Tu n’as pas croisé Guillaume Gille sur les terrains alors quel regard avais-tu sur le joueur qu’il fût, notamment en équipe de France ?
Je suis Parisien d’origine et j’ai eu le bonheur d’assister à la finale du Mondial 2001 à Bercy. Je me trouvais juste derrière le banc de l’équipe de France et je me souviens de l’étreinte intense entre Bertrand et Guillaume Gille. J’ai cette image bien en tête car j’avais ressenti alors quelque chose de très fort entre eux. J’ai toujours pensé que c’était un joueur d’équipe. Guillaume était un joueur « couteau suisse » qui rentrait pour poser les choses et les remettre dans le bon ordre lorsque l’équipe perdait le fil. Je retrouve cette compétence-là dans son management, sa façon de faire.

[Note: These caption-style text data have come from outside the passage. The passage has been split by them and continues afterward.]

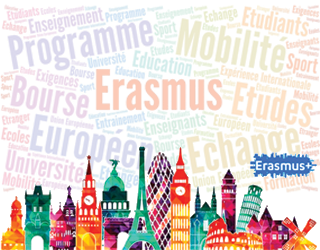 Mobilité Erasmus+ : Federico II University of Naples, Italy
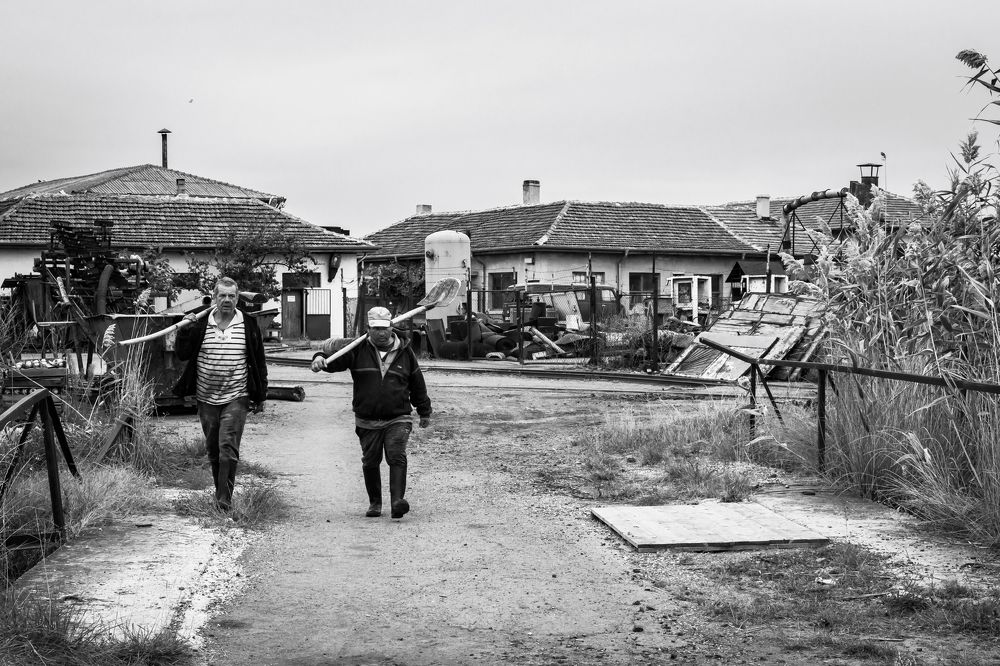 Photograph by Polina Sharapova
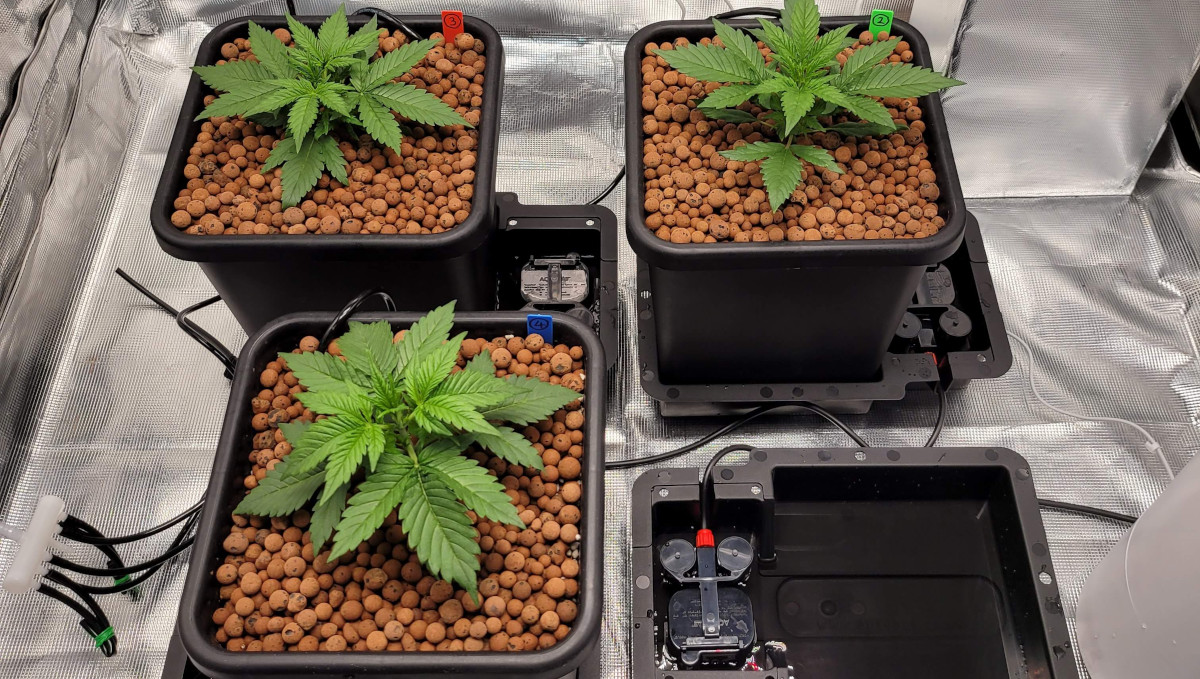 Gorilla Cookies Auto大麻品种全周期周周指南:帐篷中4套Autopot系统与幼苗 Gorilla Cookies Auto大麻品种全周期周周指南:帐篷中4套Autopot系统与幼苗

Quel regard portes-tu sur cette saison de Lidl Starligue rythmée par les aléas de la crise de la Covid-19 ?
J’apprécie lorsque les choses sont anticipées et planifiées mais cette saison nous interdit cela. Comme j’aime à le répéter régulièrement à mon staff, notre meilleur outil c’est une gomme car sans arrêt le planning est chamboulé. Le plus difficile, ce n’est pas le bouleversement du planning, c’est surtout le report d’un match quelques heures avant. Quand cela s’arrête le jour même, une décompression inconsciente se produit et lorsque trois jours plus tard, la situation se répète, alors c’est extrêmement difficile de remotiver l’effectif. Il faut ensuite retrouver l’appétit, l’entrain et le dynamisme. En fonction de tous ces scénarios, on ne sait pas non plus dans quel état se trouve l’adversaire.